Mais alors, seraient-ils plus conservateurs, foncièrement attachés au « c’était mieux avant » ? Jusque dans les années 2010, la sociologie faisait un lien direct entre l’avancée en âge et le développement des idées conservatrices. Plus on vieillissait, plus on se repliait avec une certaine nostalgie sur les repères du temps où l’on représentait la jeunesse, quitte à en idéaliser les valeurs, les goûts, les pratiques… Oui, mais voilà, la donne a changé : les séniors d’aujourd’hui sont « moins inquiets et plus ouverts sur les évolutions de la société » que ne l’étaient leurs aînés et que ne le sont, sur certains thèmes, leurs enfants. dit le Credoc.

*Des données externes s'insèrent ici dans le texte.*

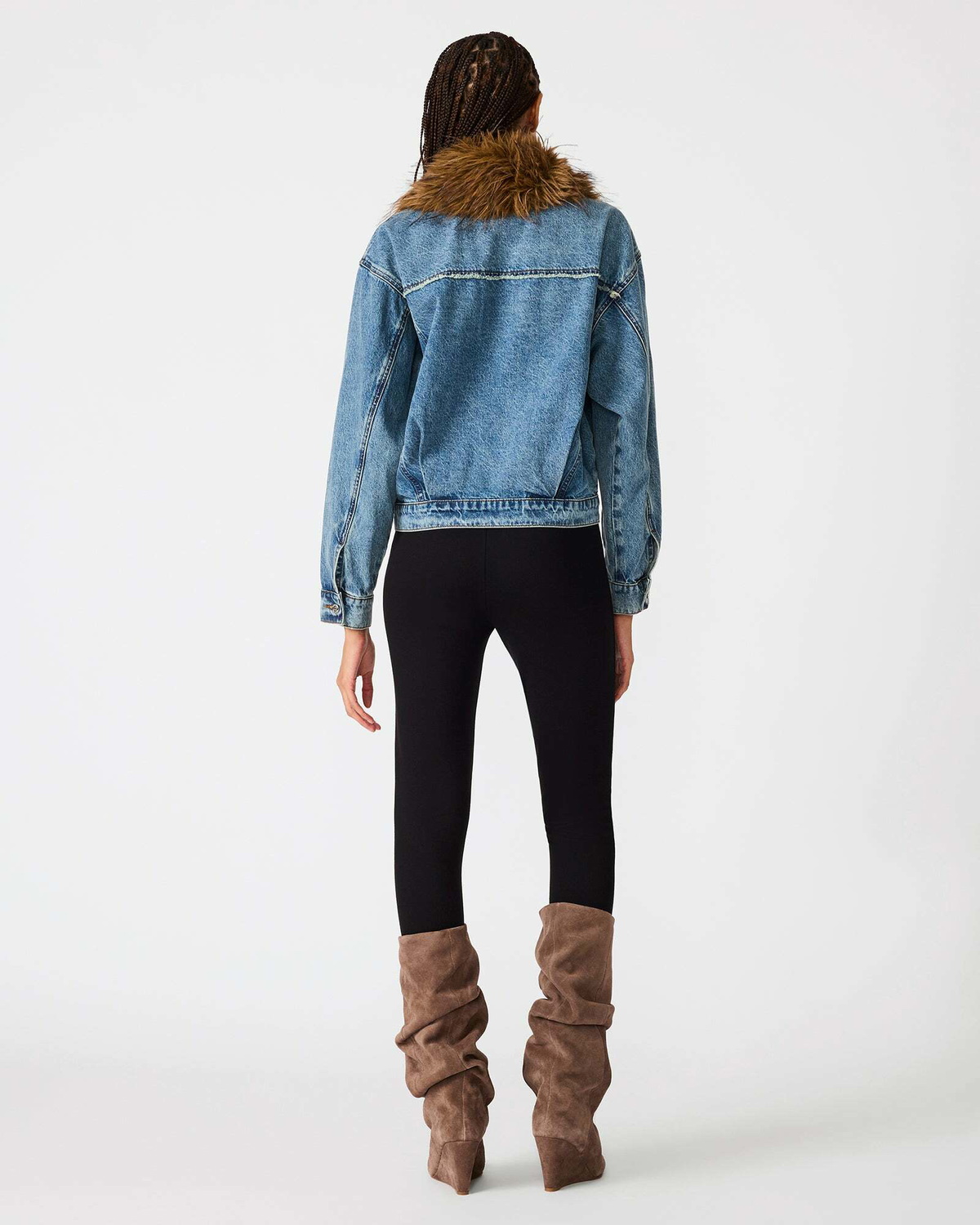 Steve Madden Smarky Jacket in Denim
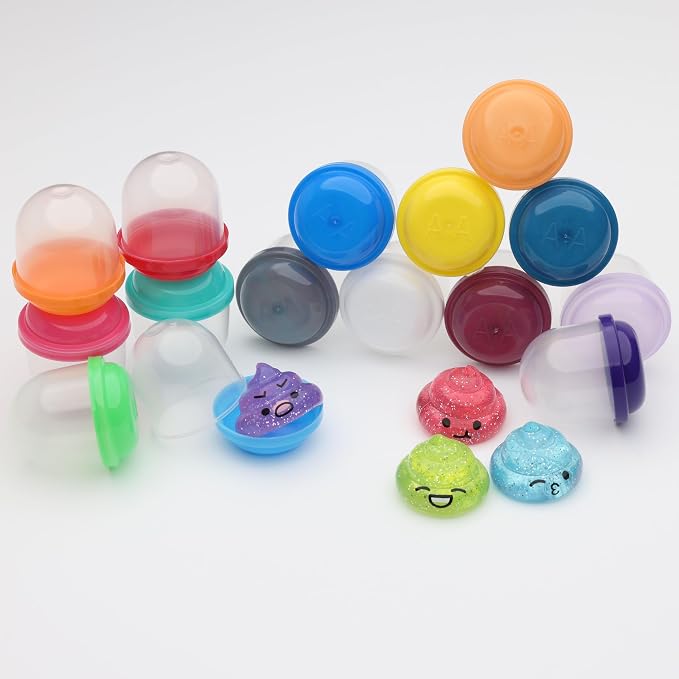 Unicorn Poop Mini Toys in Capsules - 250 Pcs of 1.1 Inch Acorn Capsule and Unicorn Toy Poop for Kids - Plastic Capsules for Toys Bulk - Vending Machine Refill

Bon, si on ne peut pas accuser la dégradation des capacités cognitives et pas non plus la tentation conservatrice, peut-on imaginer que leur position dans la société rende les séniors plus réticents à intégrer des transformations du travail ? La piste est plus probante : sont particulièrement averses au changement d’une part les strates de la population qui ont le moins de pouvoir et d’autre part celles qui en ont le plus. Les premières, parce qu’elles subissent le changement sans pouvoir faire œuvre d’agentivité pour influencer les nouveaux usages. Les secondes parce qu’elles trouvent trop davantage à leur situation pour percevoir l’intérêt du changement ! Il est alors envisageable de penser que les seniors en entreprises qui ont accédé à des postes à responsabilité à la force de l’ancienneté soient tentés de défendre un « vieux monde » qui leur convient plutôt que de concéder aux efforts nécessaires à s’adapter au « nouveau monde » qui vient.  Mais cela ne dit rien de la capacité à intégrer les transformations technologiques et sociétales de tous ceux qui ont accédé à leur position en se mettant constamment en dynamique et qui occupent leurs fonctions en se remettant régulièrement en question. Bref, c’est plus une question de rapport au travail et à l’autorité qu’un sujet d’âge ou de génération.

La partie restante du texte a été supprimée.